Although the eye is marvelous in its ability to see objects large and small, it obviously is limited in the smallest details it can detect. The desire to see beyond what is possible with the naked eye led to the use of optical instruments. We have seen that a simple convex lens can create a magnified image, but it is hard to get large magnification with such a lens. A magnification greater than 5× is difficult without distorting the image. To get higher magnification, we can combine the simple magnifying glass with one or more additional lenses. In this section, we examine microscopes that enlarge the details that we cannot see with the naked eye.

Microscopes were first developed in the early 1600s by eyeglass makers in The Netherlands and Denmark. The simplest compound microscope is constructed from two convex lenses (Figure \(\PageIndex{1}\)).

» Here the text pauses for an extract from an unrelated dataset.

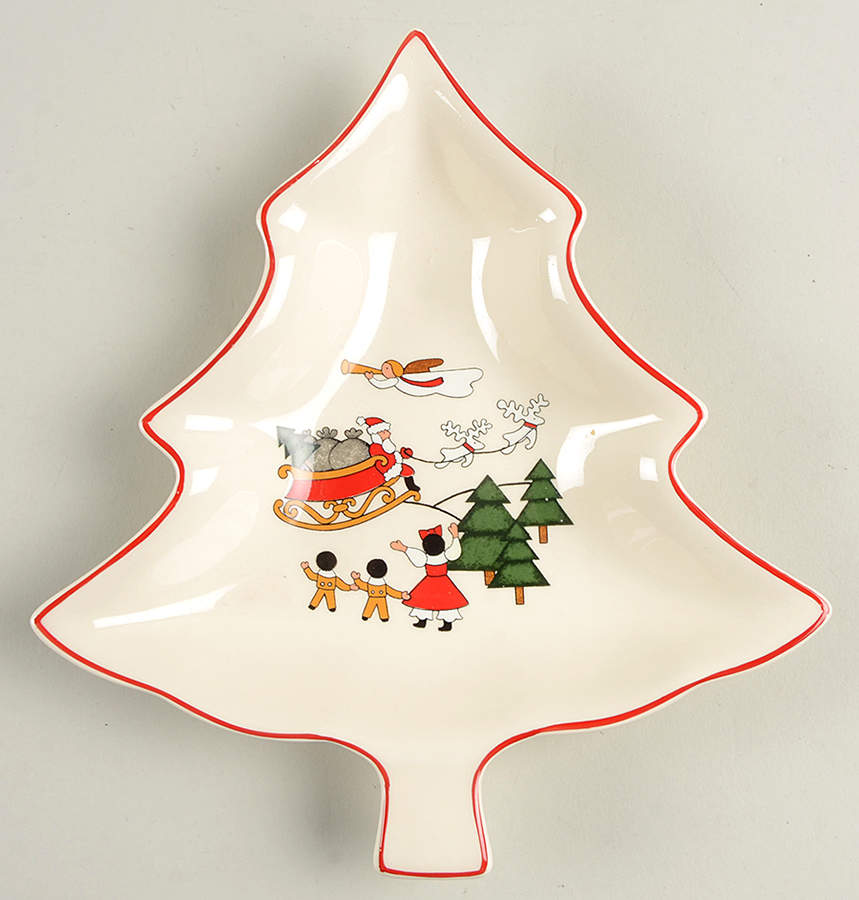 Christmas Village Small Tree Shaped Dish by Mason's-1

The objective lens is a convex lens of short focal length (i.e., high power) with typical magnification from 5× to 100×. The eyepiece, also referred to as the ocular, is a convex lens of longer focal length.

The purpose of a microscope is to create magnified images of small objects, and both lenses contribute to the final magnification. Also, the final enlarged image is produced sufficiently far from the observer to be easily viewed, since the eye cannot focus on objects or images that are too close (i.e., closer than the near point of the eye).

To see how the microscope in Figure \(\PageIndex{1}\) forms an image, consider its two lenses in succession. The object is just beyond the focal length \(f^{obj}\) of the objective lens, producing a real, inverted image that is larger than the object. This first image serves as the object for the second lens, or eyepiece. The eyepiece is positioned so that the first image is within its focal length \(f^{eye}\), so that it can further magnify the image. In a sense, it acts as a magnifying glass that magnifies the intermediate image produced by the objective. The image produced by the eyepiece is a magnified virtual image. The final image remains inverted but is farther from the observer than the object, making it easy to view.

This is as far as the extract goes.